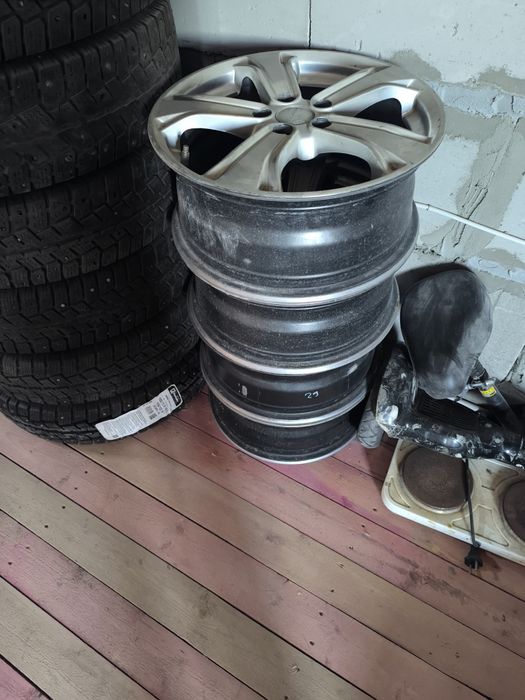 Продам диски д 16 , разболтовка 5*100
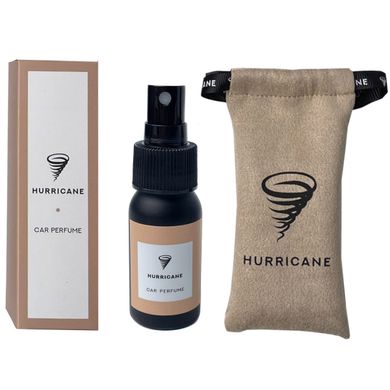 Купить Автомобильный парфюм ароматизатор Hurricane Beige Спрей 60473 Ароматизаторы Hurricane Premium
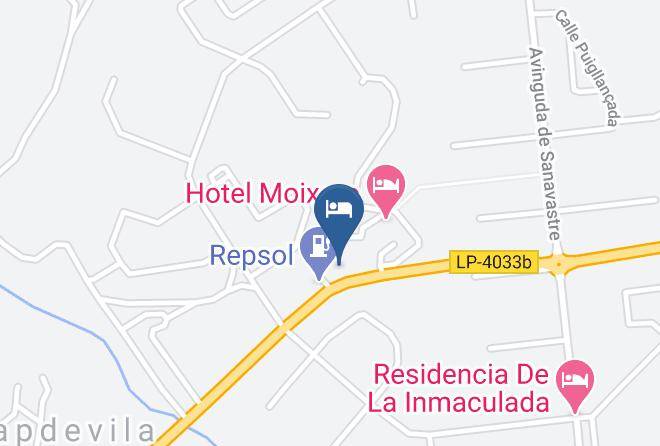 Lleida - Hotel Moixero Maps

---+---

**WORK TASK:** Give the listing again in full, exactly as it is, but without its images.

**EXERCISE OUTPUT:**
 Продам диски д 16 , разболтовка 5*100
 Купить Автомобильный парфюм ароматизатор Hurricane Beige Спрей 60473 Ароматизаторы Hurricane Premium
 Lleida - Hotel Moixero Maps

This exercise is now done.